* _Task to complete_
The answer must repeat every record exactly, with no pictures in it.

(Extracted records)
>>>>
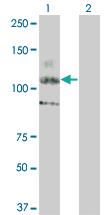 Anti-KIT Mouse Monoclonal Antibody [clone: 5A11]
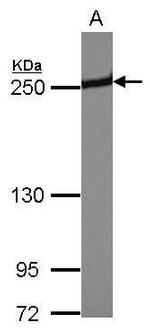 Periplakin Antibody in Western Blot (WB)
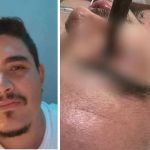 Homem que teve olho perfurado por taco de sinuca morre após um mês internado em MG
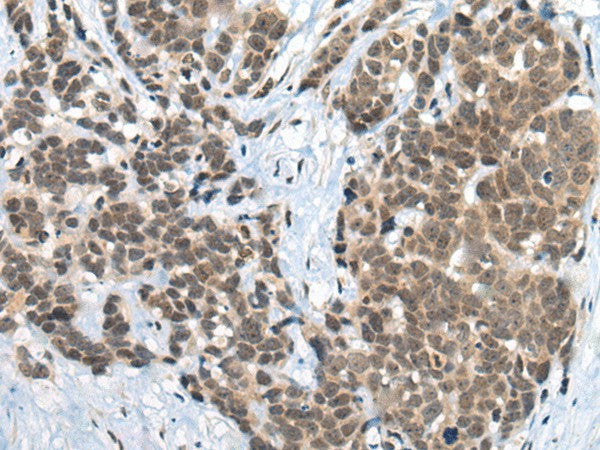 Immunohistochemistry of paraffin-embedded Human thyroid cancer tissue using ZNF83 Polyclonal Antibody at dilution of 1:50(×200)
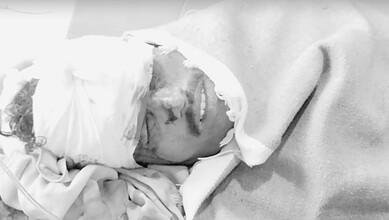 Injured individual with head bandage lying on hospital bed, receiving medical treatment.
<<<<
* _Solution for this task_
 Anti-KIT Mouse Monoclonal Antibody [clone: 5A11]
 Periplakin Antibody in Western Blot (WB)
 Homem que teve olho perfurado por taco de sinuca morre após um mês internado em MG
 Immunohistochemistry of paraffin-embedded Human thyroid cancer tissue using ZNF83 Polyclonal Antibody at dilution of 1:50(×200)
 Injured individual with head bandage lying on hospital bed, receiving medical treatment.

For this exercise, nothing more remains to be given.